Work to complete: Reproduce every entry below precisely; do not include the pictures.

Data supplied:
· · · ·

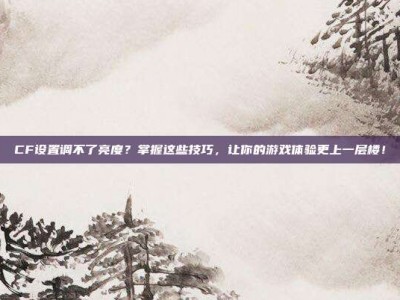 CF设置调不了亮度？掌握这些技巧，让你的游戏体验更上一层楼！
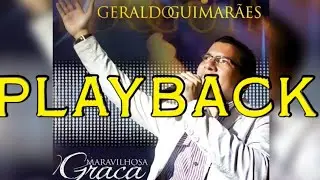 Intimidade e Comunhão - Geraldo Guimarães (Playback)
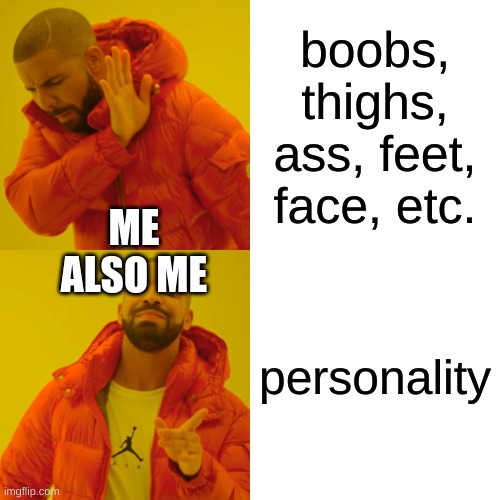 and ofc spire has 69th dimensional booba (i knew more of her personality before her looks lol) | boobs, thighs, ass, feet, face, etc. ME
ALSO ME; personality | image tagged in memes,drake hotline bling | made w/ Imgflip meme maker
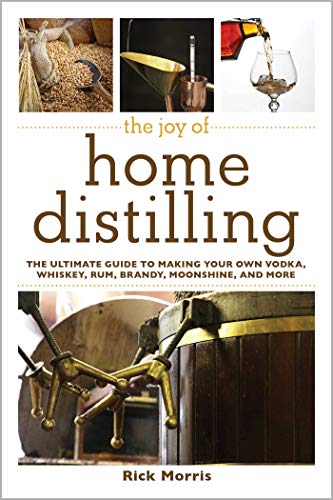 Book Cover The Joy of Home Distilling: The Ultimate Guide to Making Your Own Vodka, Whiskey, Rum, Brandy, Moonshine, and More (Joy of Series)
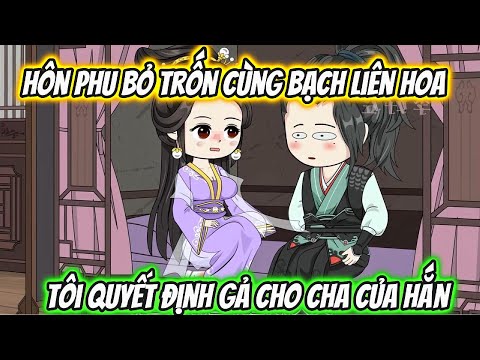 Hôn Phu Bỏ Trốn Cùng Bạch Liên Hoa Tôi Quyết Định Gả Cho Cha Của Hắn Full 1-18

· · · ·

Exercise response:
 CF设置调不了亮度？掌握这些技巧，让你的游戏体验更上一层楼！
 Intimidade e Comunhão - Geraldo Guimarães (Playback)
 and ofc spire has 69th dimensional booba (i knew more of her personality before her looks lol) | boobs, thighs, ass, feet, face, etc. ME
ALSO ME; personality | image tagged in memes,drake hotline bling | made w/ Imgflip meme maker
 Book Cover The Joy of Home Distilling: The Ultimate Guide to Making Your Own Vodka, Whiskey, Rum, Brandy, Moonshine, and More (Joy of Series)
 Hôn Phu Bỏ Trốn Cùng Bạch Liên Hoa Tôi Quyết Định Gả Cho Cha Của Hắn Full 1-18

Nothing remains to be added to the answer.